O universo já está encolhendo, mas antes seremos campeões | Fabrício Cardoso

por Fabrício Cardoso

Às vezes, repouso a cabeça no travesseiro, entrelaço os dedos atrás da nuca e, mirando o branco do teto, me ponho a pensar no nada. Talvez pela dificuldade de abstração que me assalta a cada nova leitura sobre as descobertas de Stephen Hawking, não é no cosmos que encontro da dimensão da ausência de tudo. Nesses momentos de solidão acentuada pela ignorância, o futebol sempre funciona como remédio.
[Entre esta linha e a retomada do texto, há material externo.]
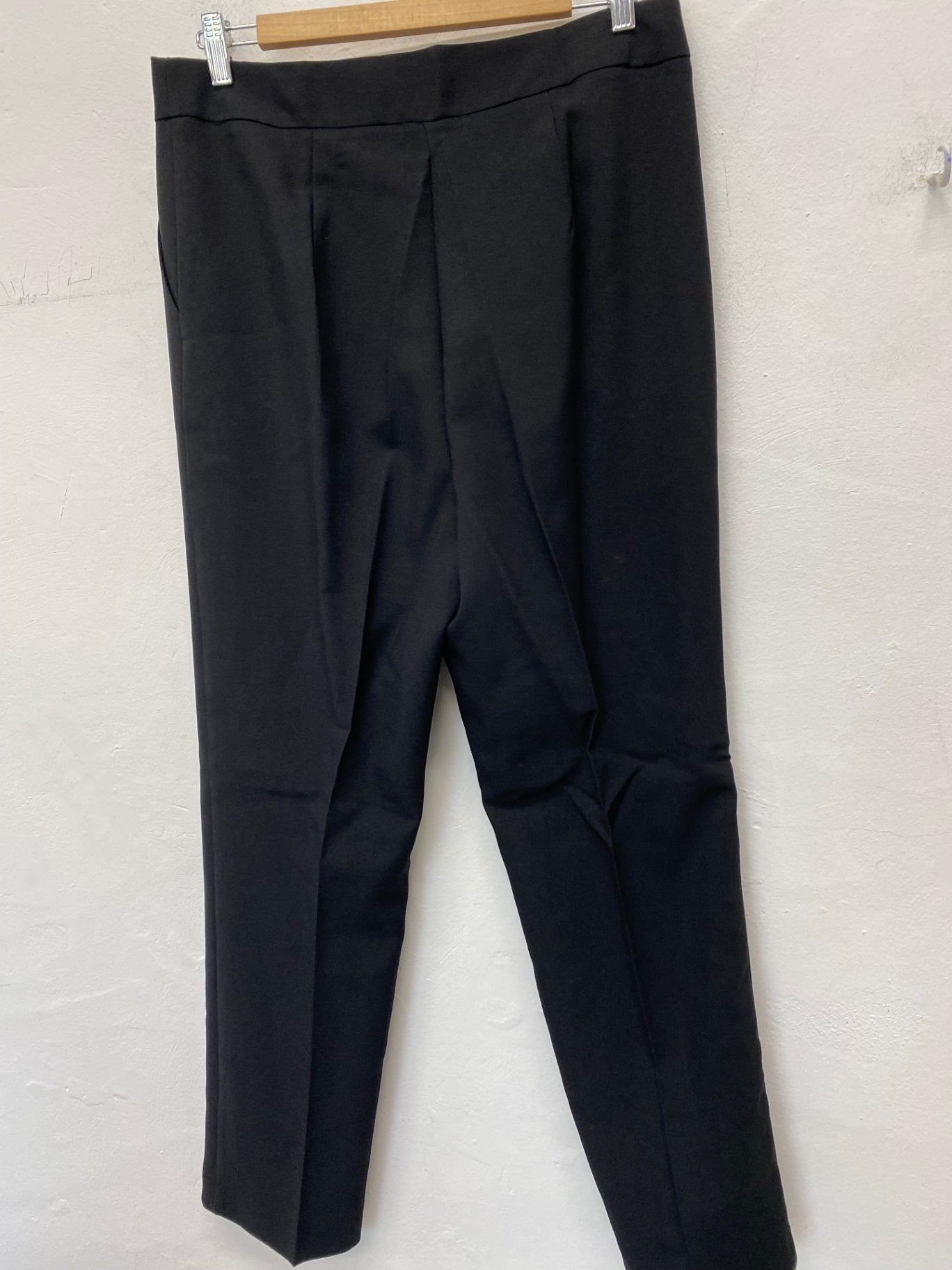 Fabulous New Look Pants UK 14 Black BNWT formal work LB001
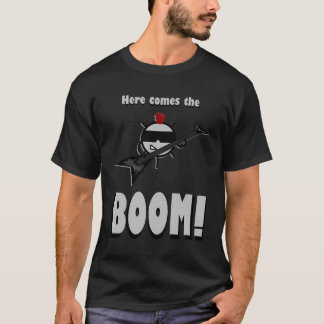 T-shirt Max Guitare Boom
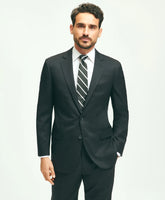 Tailored Traditional Fit Wool 1818 Suit | Brooks Brothers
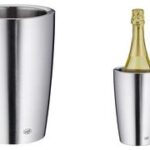 alfi fleskoeler SECCO, RVS gematteerd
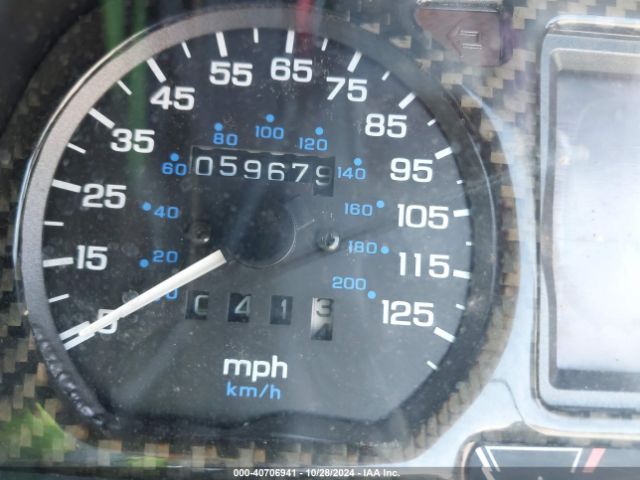 1995 HONDA GL1500 1HFSC223XSA700128 Photo 6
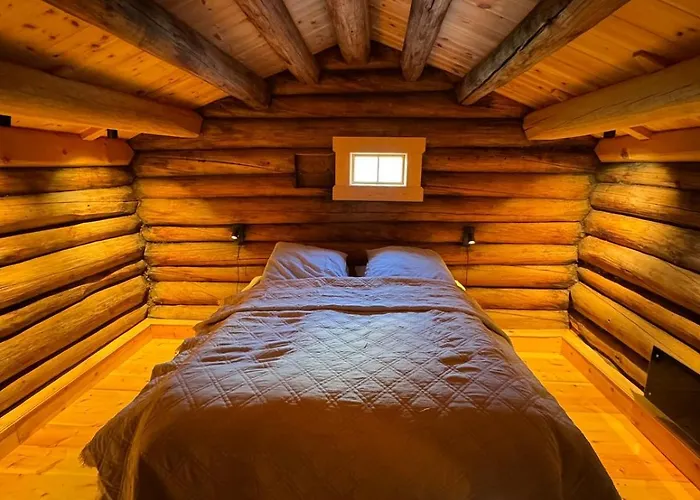 Gunhild-stugu I Jotunheimen Semesterbostad *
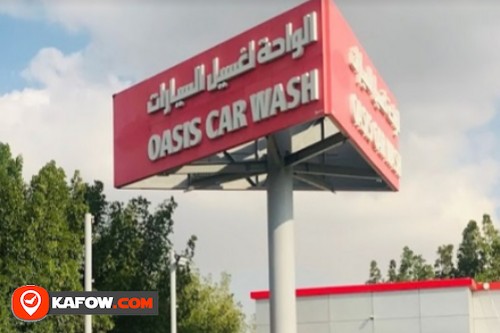 Oasis Car Wash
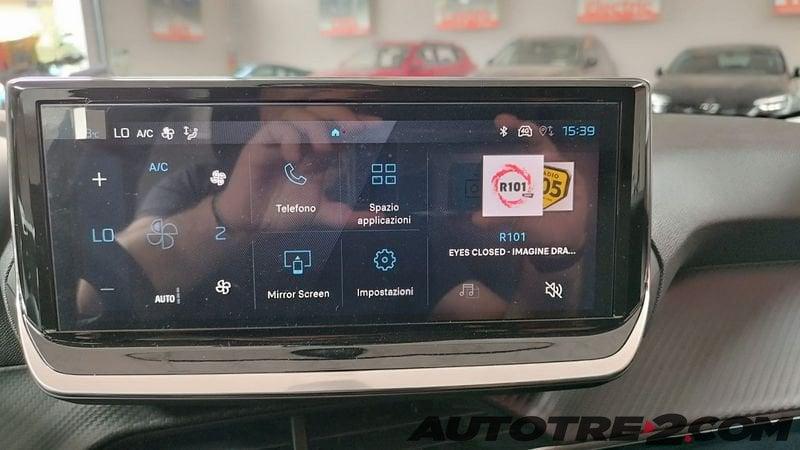 Peugeot 208 208 1.2 turbo Style 100cv da € 14350 !! detax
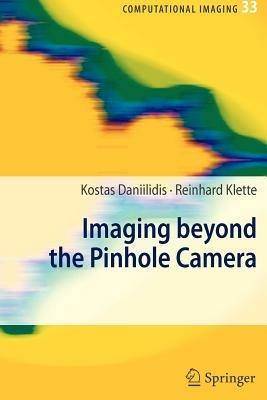 Imaging Beyond the Pinhole Camera - cover
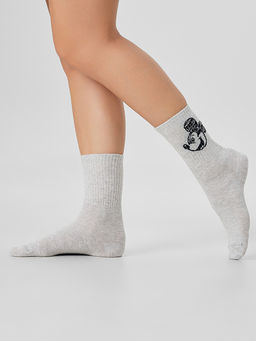 Цена за 5 пар! НОСКИ ЖЕНСКИЕ - Mark formelle фото 3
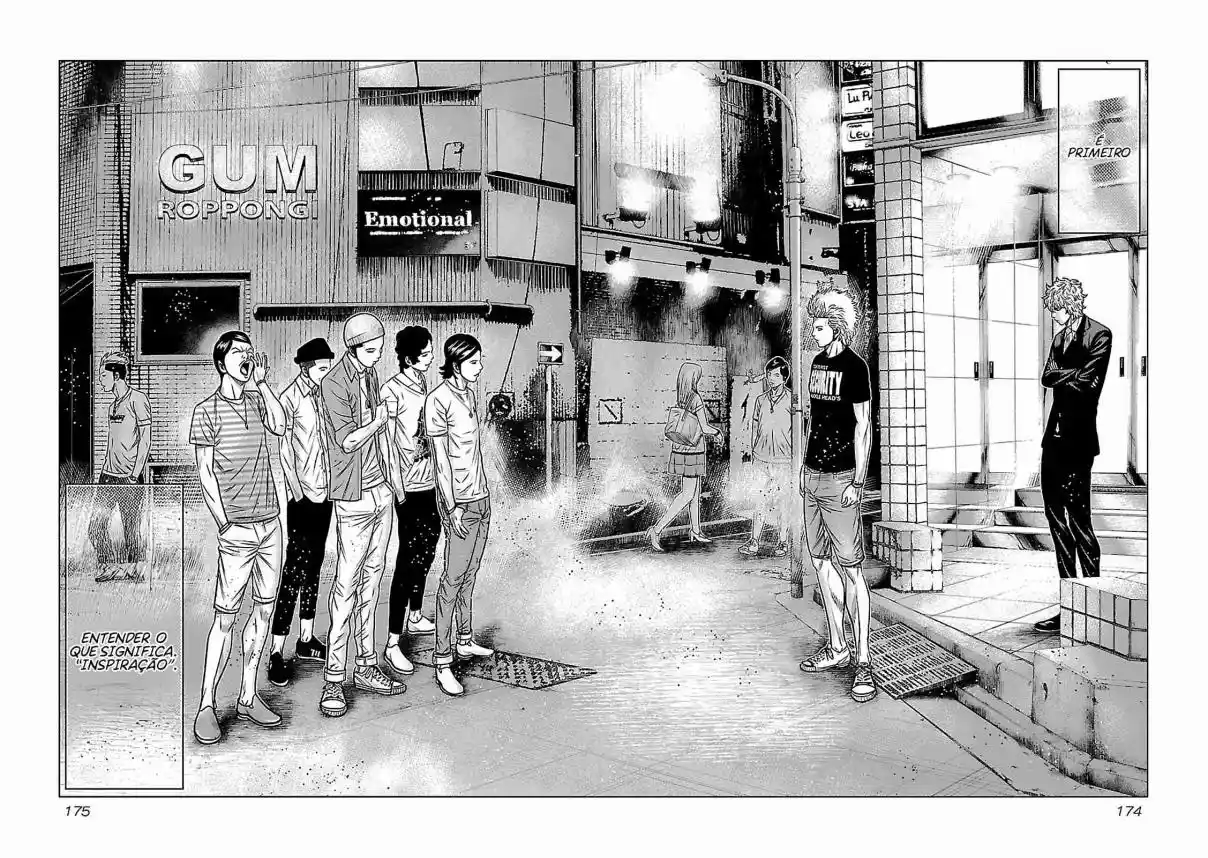 Read Bouncer Português Manga Online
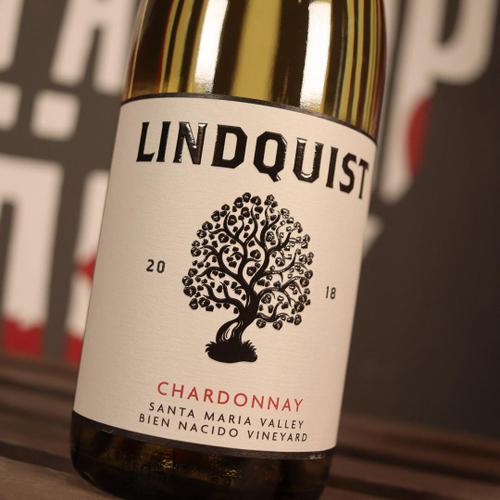 Lindquist Family Chardonnay Santa Maria Valley California 750ml.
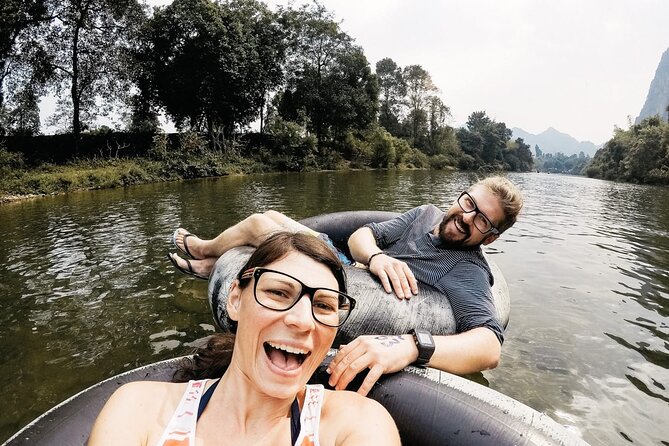 Vang Vieng Kayaking Fun Rapid and Float Tour - Why this Nam Song trip works so well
Pois para mim, o mais perto do entediante vazio que antecedeu o Big Bang é um domingo sem uma partida do Xavante. Desde nossas travessuras traduzidas em dois acessos seguidos, os domingos foram praticamente abolidos do calendário. Agora, a partir de maio, jogamos terça, sexta e sábado. O nada se instaurou em minh’alma.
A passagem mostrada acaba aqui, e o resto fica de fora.